At their Fall Winter 2025 Haute Couture presentation, Viktor&Rolf turned duality into performance. Titled ‘Angry Birds’, the collection featured fifteen mirrored pairs of looks, each a study in contrast, symmetry, and transformation. Across thirty all-black silhouettes, the designers choreographed an interplay of presence and absence, where volume became attitude and absence became declaration.
COUTURE COLLECTIONS
Each pair consisted of two technically identical garments: one exuberantly inflated with cascades of vividly colored feathers, the other featherless and bare, reduced to its unembellished form. In the first, feathers burst into form, electric blues, fiery reds, and sulfur yellows swirled into dramatic silhouettes, layered with custom headpieces by Stephen Jones. The second was stripped down: same cut, same construction, minus the spectacle. Devoid of volume, it read as its own quiet doppelgänger, a silhouette softened and deflated.

The juxtaposition was surgical in its precision. Viktor&Rolf offered more than visual trickery, they revealed how closely excess and subtlety are entwined. What begins as an explosion of theatrical grandeur gives way to intimacy. When the feathers fall away, so does the posturing. In their absence, the design becomes a whisper rather than a scream.
But the choice of feathers as structure, not decoration, is what pushed the collection into a more conceptual space. These weren’t traditional plumes; they were cruelty-free, fabric-based trompe-l’oeil creations that turned the decorative into the architectural. Referencing the legacy of plumassier Monsieur Lemarié, Viktor&Rolf treated the air between the feathers as vital as the feathers themselves. Their couture lived in that space, elastic, shapeshifting, performative.

The reference to their FW98–99 debut couture collection was not incidental. Then too, Viktor&Rolf experimented with grand forms stripped bare, testing what remains when scale is subtracted. But ‘Angry Birds’ pushed the idea further. The puffed silhouettes were not grotesque; they were on the verge of release, as if mid-transformation.
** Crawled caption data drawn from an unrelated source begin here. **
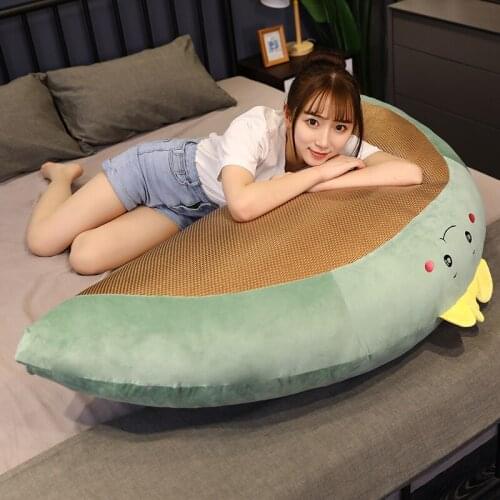 Summer Cool Semicircle Plush Animal Pillow Lumbar Support Pillow Washable Pillowcase Cat Bear Pig Throw Pillow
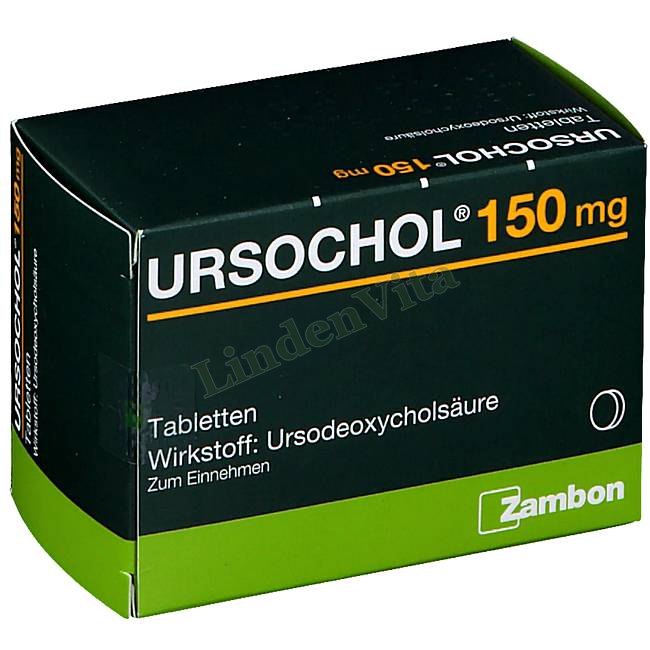 Урсохол / Ursochol - Урсодезоксихолевая кислота — упаковка препарата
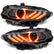 Oracle Lighting 18-23 Ford Mustang Dynamic ColorSHIFT LED Headlights - Black Series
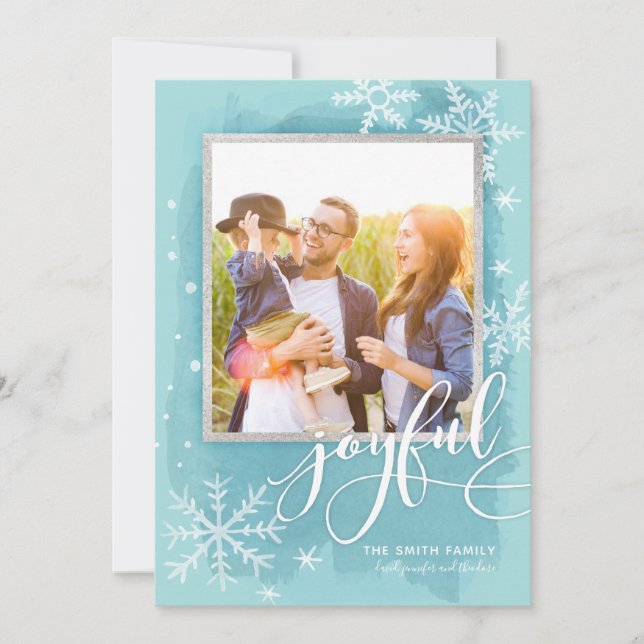Cartes Pour Fêtes Annuelles Joyeux voeux Noël Photo (Devant)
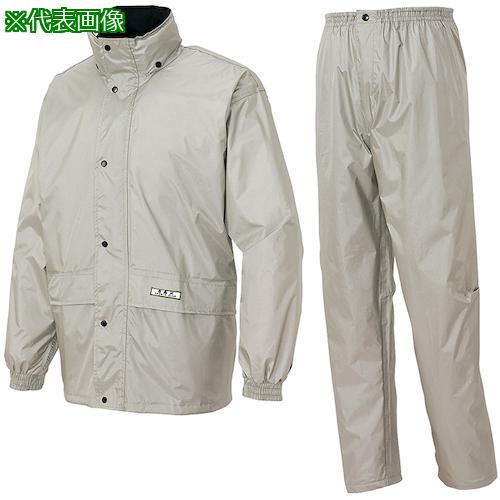 ■アイトス レインスーツ(Bー1レインスーツ)グレー S〔品番:AZ58701003S〕【4543298:0】[送料別途見積り][掲外取寄][店頭受取不可]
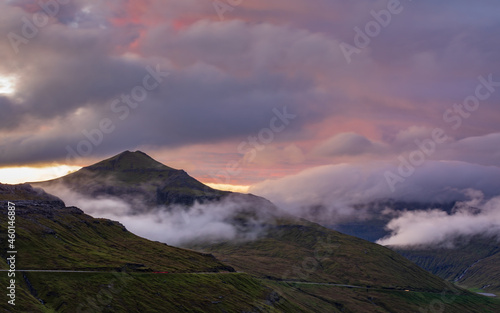 Faroe Islands-Stremoy-Sátan mountain photo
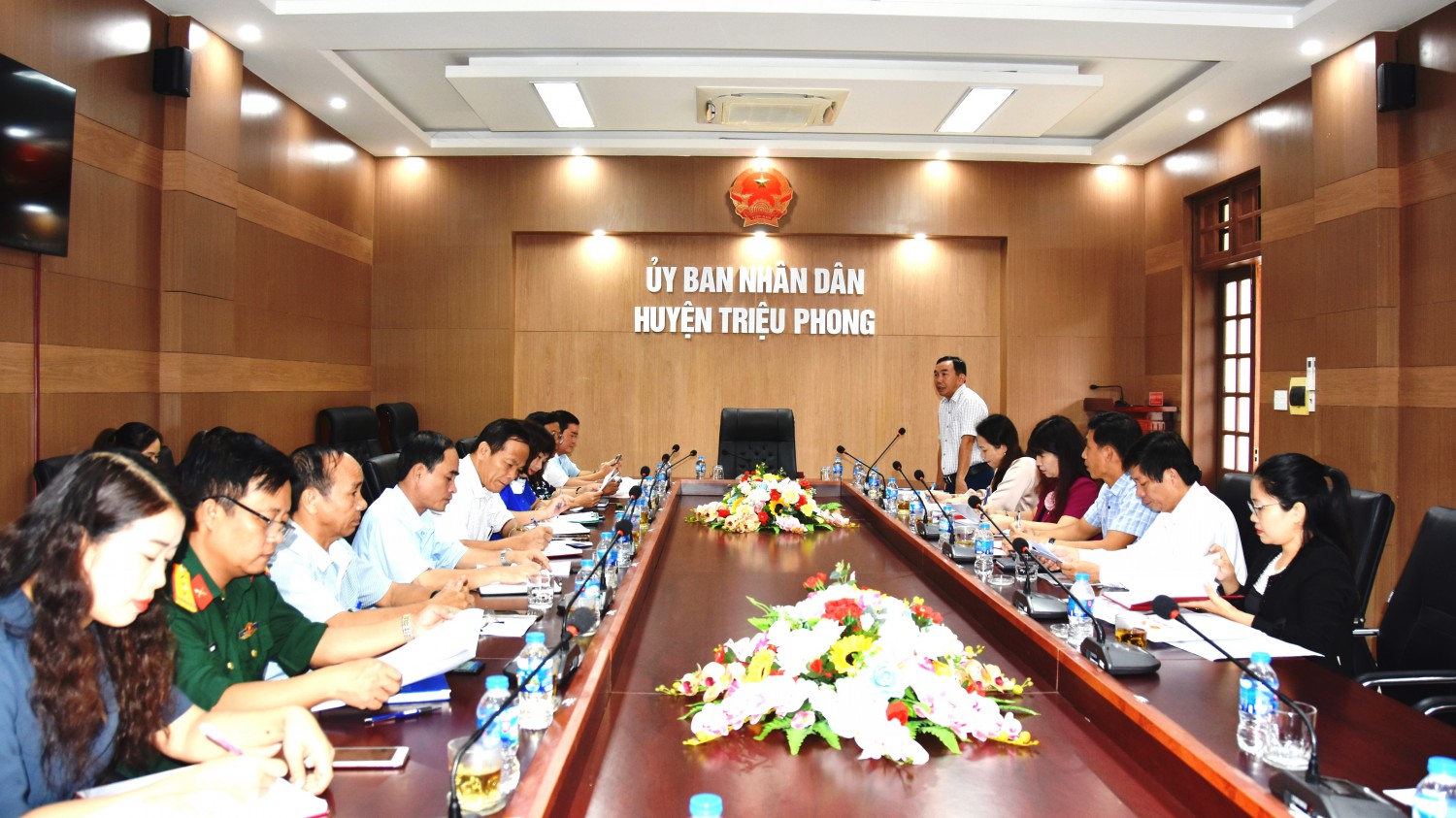 Ban Văn hoá - Xã hội HĐND tỉnh làm việc với huyện Triệu Phong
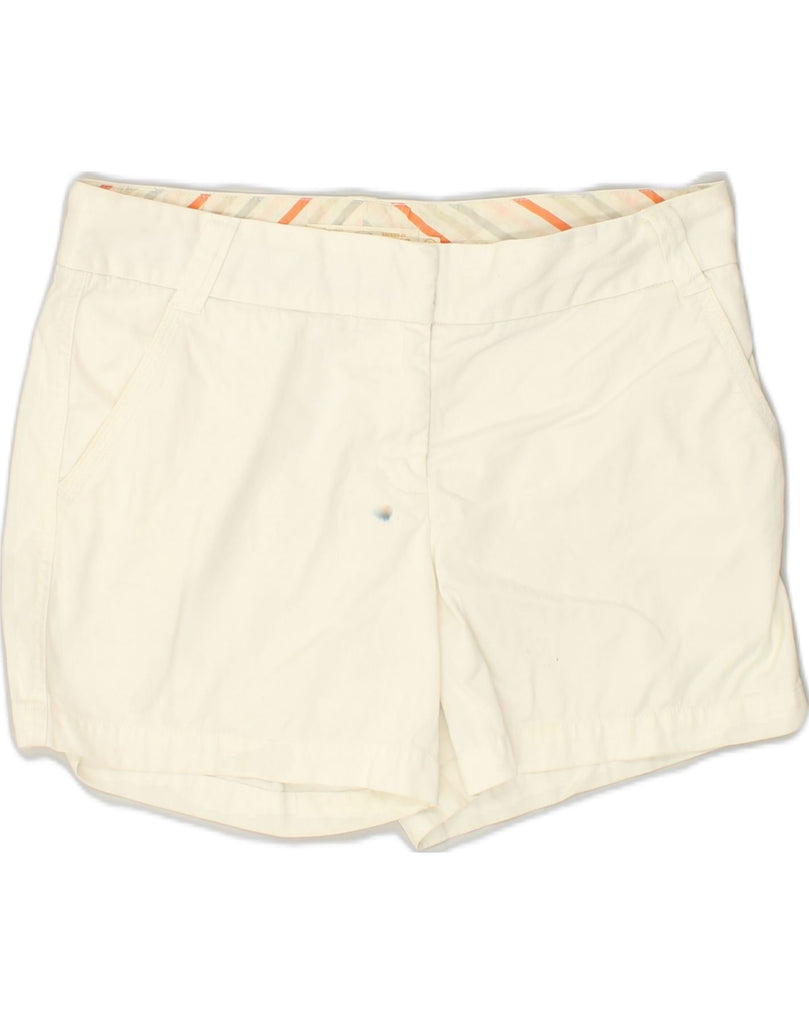 J. CREW Womens Chino Shorts US 12 Large W34 White Cotton | Vintage J. Crew | Thrift | Second-Hand J. Crew | Used Clothing | Messina Hembry 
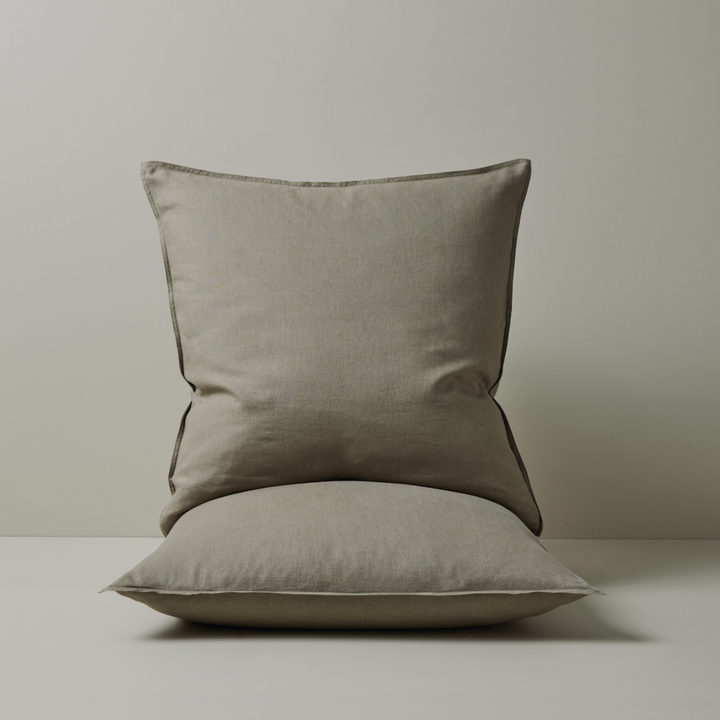 Ravello Pillowcase Pair - Caper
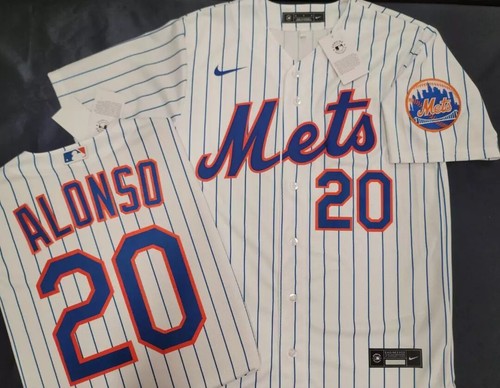 New York Mets LINDOR NIMMO DIAZ ALONSO SEAVER 100% Real SEWN Baseball JERSEY - Picture 6 of 18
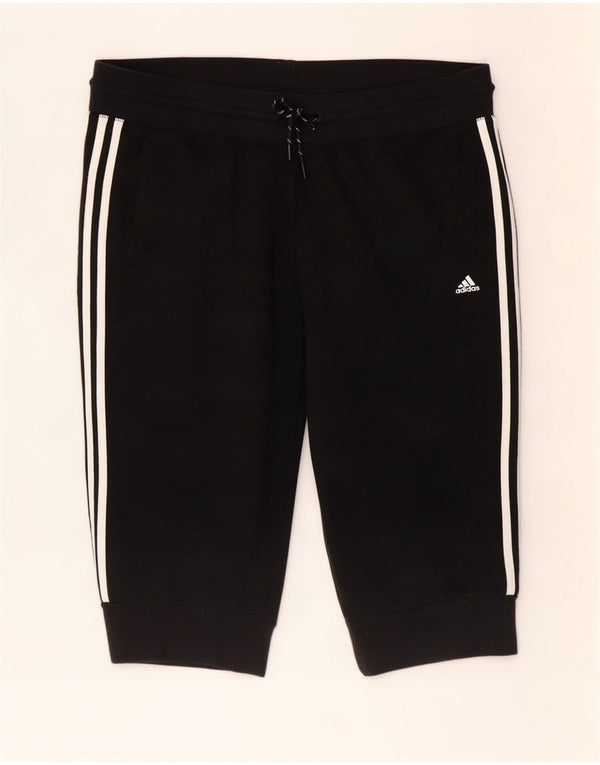 Pantaloncini sportivi Adidas Climalite da donna UK 16/18 Large Nero Poliestere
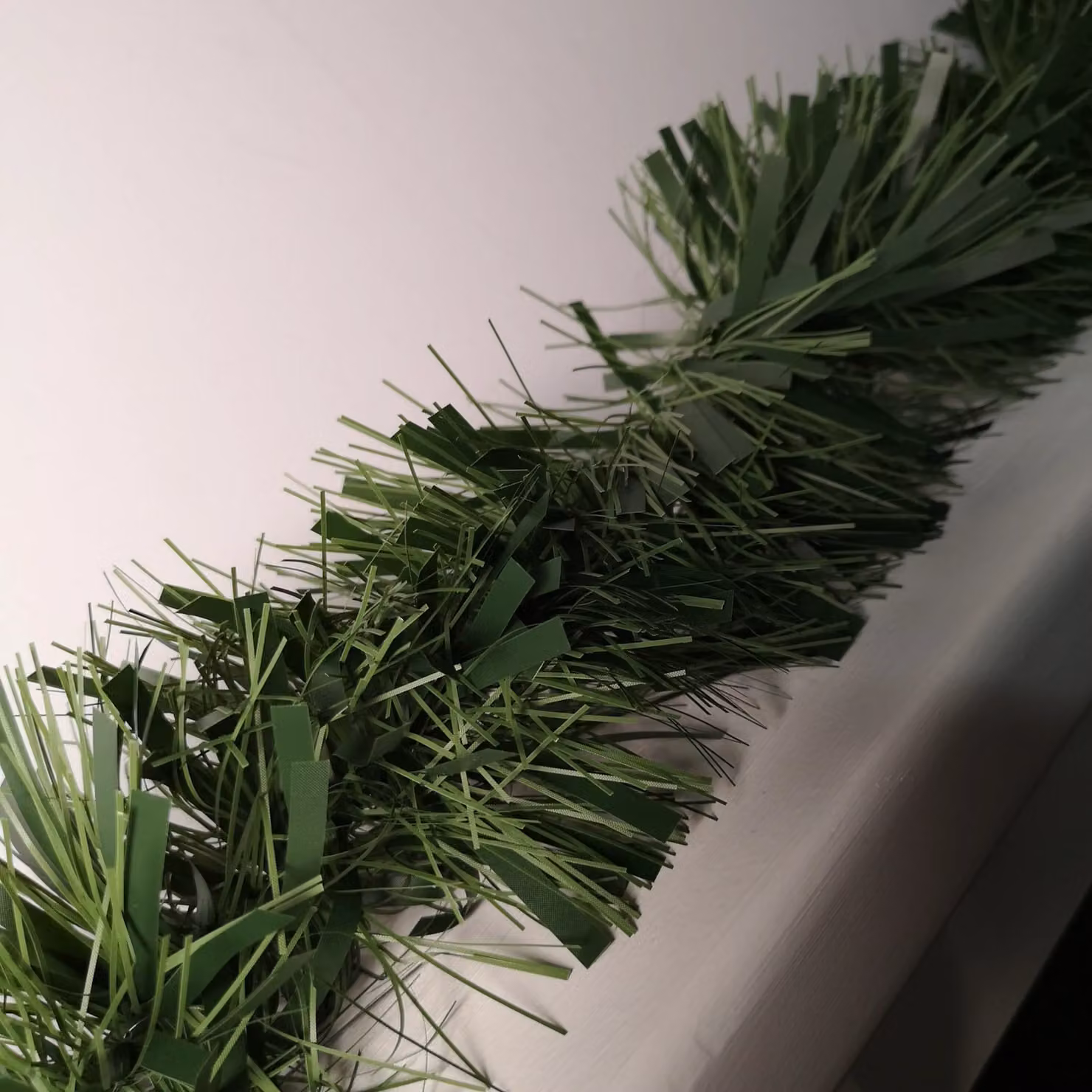 Samuel Alexander Green Luxury Chunky Cut Tinsel Garland Christmas Tree Decoration, Length: 10 m, Width: 15 cm – 2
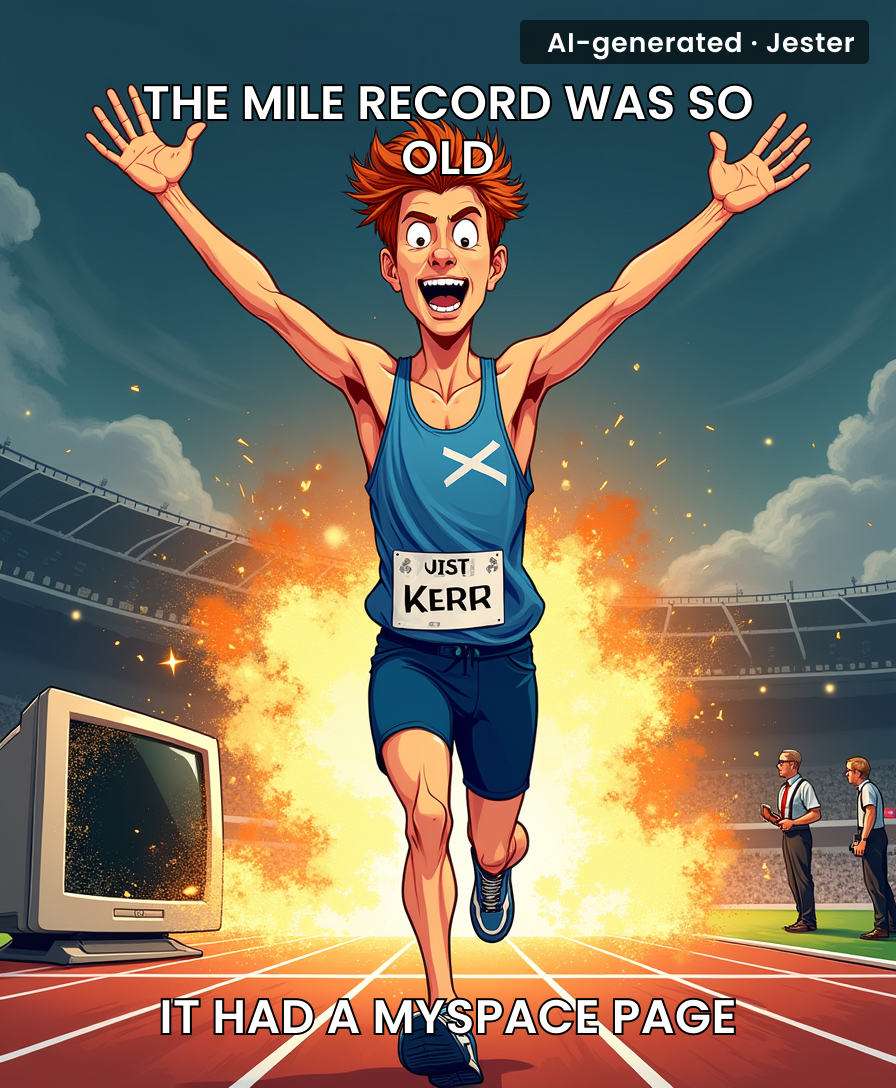 Josh Kerr broke the mile record, and suddenly the internet is a 1999 nostalgia trip.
Their dual presence suggested garments caught between stages, emotional and physical molting.
Completed with custom satin heels by Christian Louboutin, the looks held an eerie elegance. Despite their theatricality, they did not feel distant. The feathered versions were not just louder, hey were about to take flight. Their counterparts remained grounded, shadows of what they could become. In that tension, Viktor&Rolf revealed the paradox of haute couture: its ability to hold contradiction, to be both outlandish and deeply personal.

‘Angry Birds’ may sound like a provocation, but here it was also prophecy, these garments weren’t just angry, they were restless. Ready to escape the confines of spectacle, they dared to exist in both states at once.